[Web page caption snippets]
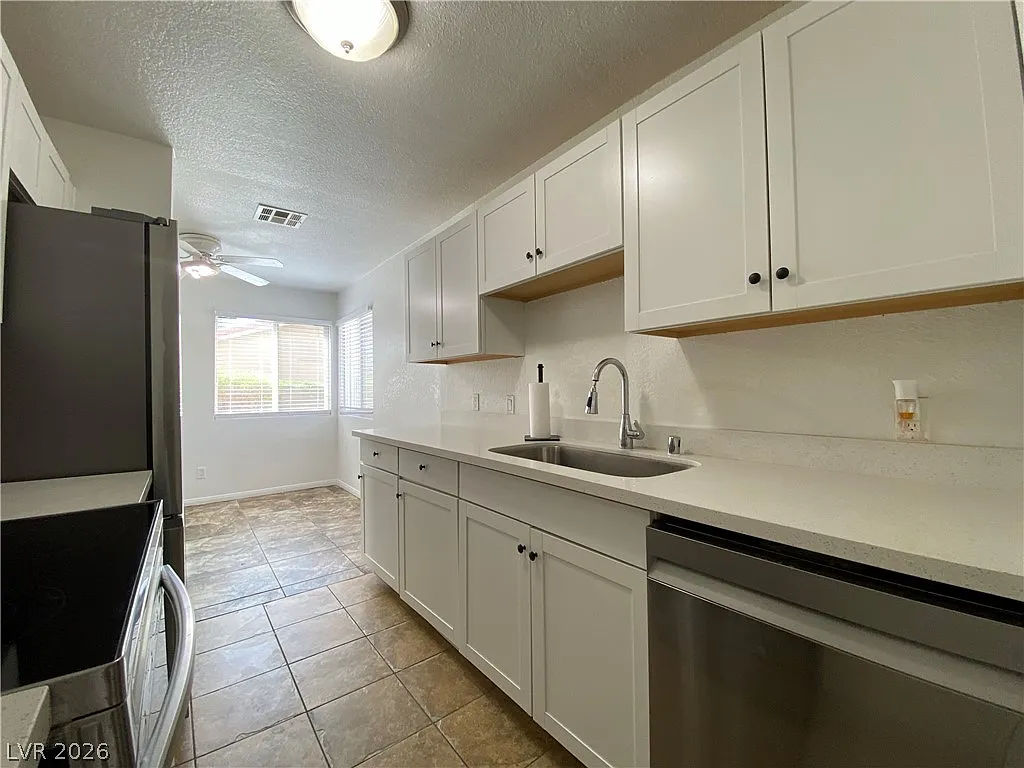 2 bed, 2.0 bath, 945 sqft, $1,295 — Photo 4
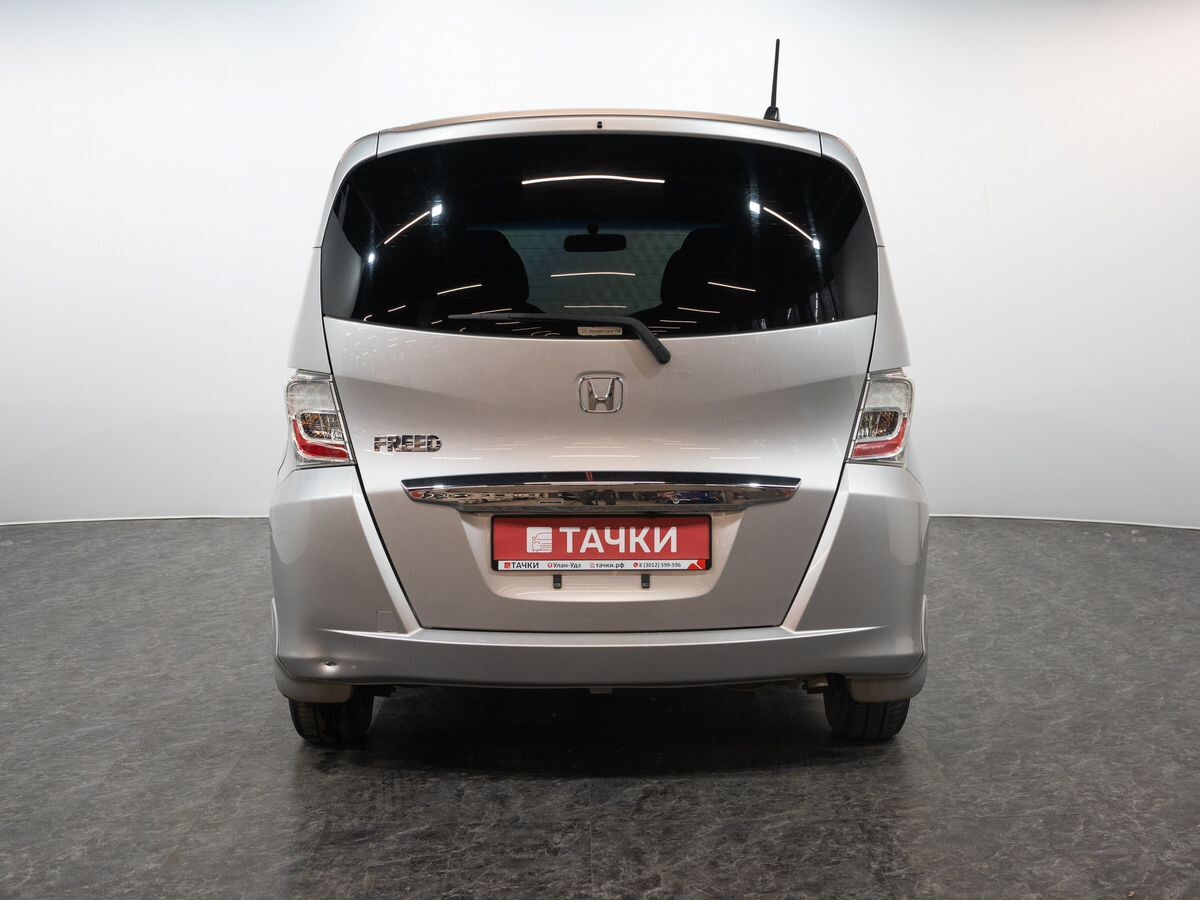 Honda Freed 2012 - фото автомобиля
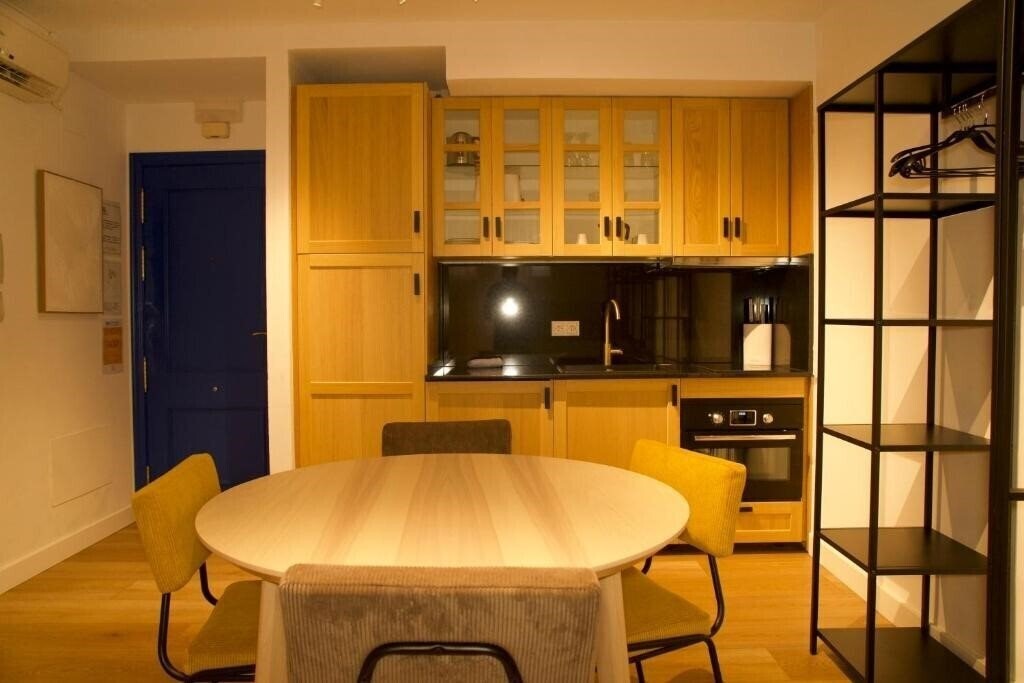 Отель Holidays2 Malaga Studios Juan De Mena 3*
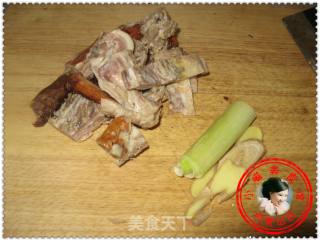 秋季滋补之竹荪煲鸭汤的做法步骤：2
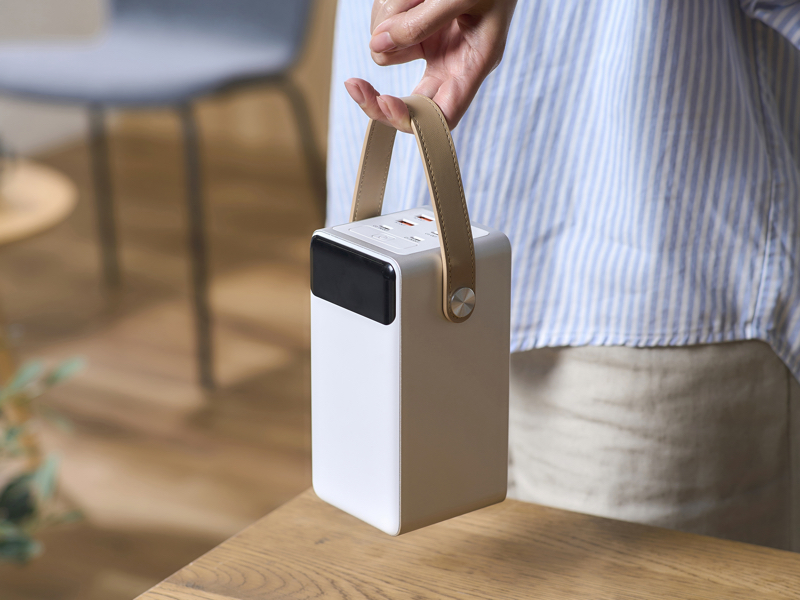 持ち運びやすい軽量・小型のポータブル電源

Exercise aim –
Print every line of the data exactly. Pictures do not belong in the copy.

Task result –
 2 bed, 2.0 bath, 945 sqft, $1,295 — Photo 4
 Honda Freed 2012 - фото автомобиля
 Отель Holidays2 Malaga Studios Juan De Mena 3*
 秋季滋补之竹荪煲鸭汤的做法步骤：2
 持ち運びやすい軽量・小型のポータブル電源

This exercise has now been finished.